Adapun bunyi Pasal 170 ayat (1) UU Pemilu yang diubah MK berbunyi; "Pejabat negara yang dicalonkan oleh partai politik peserta pemilu atau Gabungan partai politik sebagai calon presiden atau calon wakil presiden harus mengundurkan diri dari jabatannya, kecuali presiden, wakil presiden, pimpinan dan anggota MPR, Pimpinan dan anggota DPR, pimpinan dan anggota DPD, menteri dan pejabat setingkat menteri, gubernur, wakil gubernur, bupati, wakil bupati, walikota, dan wakil walikota".

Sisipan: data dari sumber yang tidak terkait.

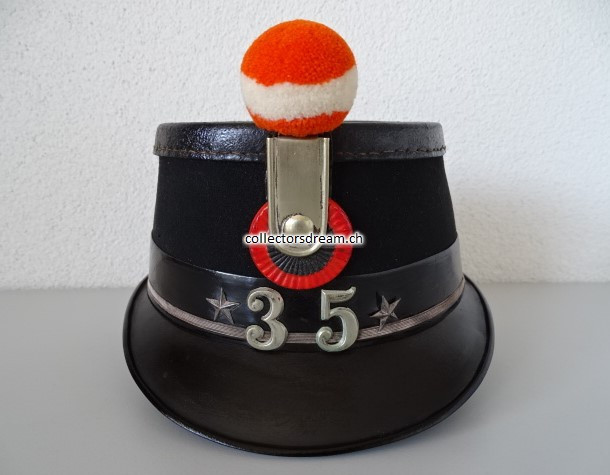 Offiziers Käppi / Tschako Leutnant Ord. 1875 Infanterie Bat. 35 Bern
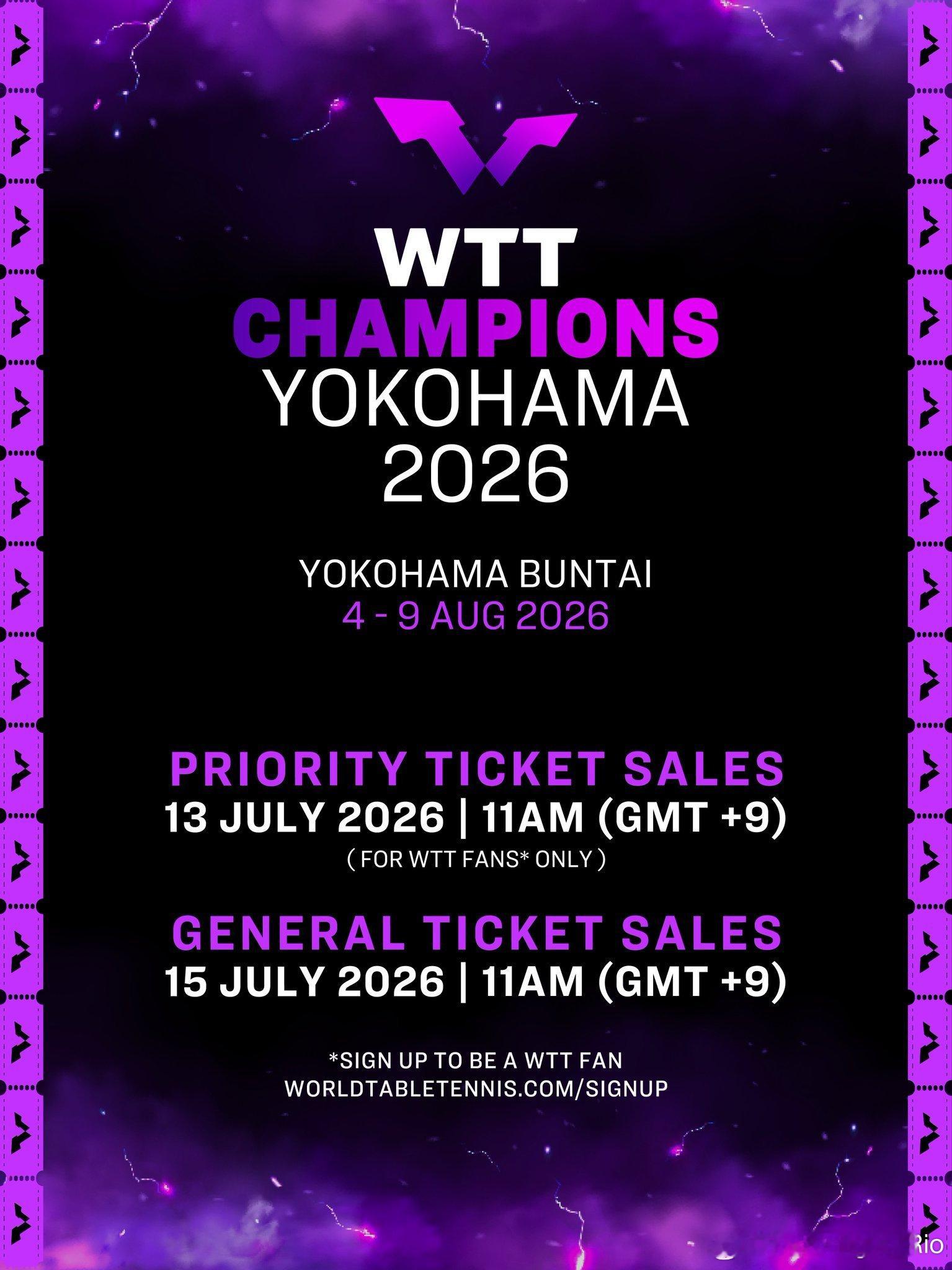 WTT横滨冠军赛2026 即将开启售票🎫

Sedangkan bunyi penjelasan Pasal 170 ayat (1) UU Pemilu setelah diubah MK menghapus frasa "Menteri dan Pejabat Setingkat Menteri" dari penjelasan "Yang dimaksud 'pejabat negara' dalam ketentuan ini kecuali (mereka yang harus mundur jika dicalonkan presiden atau wakil presiden oleh parpol atau gabungan parpol) adalah:
a. Ketua, Wakil Ketua, Ketua Muda dan Hakim Agung pada Mahkamah Agung
b. Ketua, Wakil Ketua, dan Hakim pada semua badan peradilan kecuali Hakim ad hoc
c. Ketua, Wakil Ketua, dan Anggota Mahkamah Konstitusi
d. Ketua, Wakil Ketua dan Anggota Badan Pemeriksa Keuangan
e. Ketua, Wakil Ketua dan Anggota Komisi Yudisial
f. Ketua dan Wakil Ketua Komisi Pemberantasan Korupsi
g. Kepala Perwakilan Republik Indonesia diluar negeri yang berkedudukan sebagai Duta Besar Luar Biasa dan Berkauasa penuh; dan
h. Pejabat Negara lainnya yang ditentukan oleh undang-undang.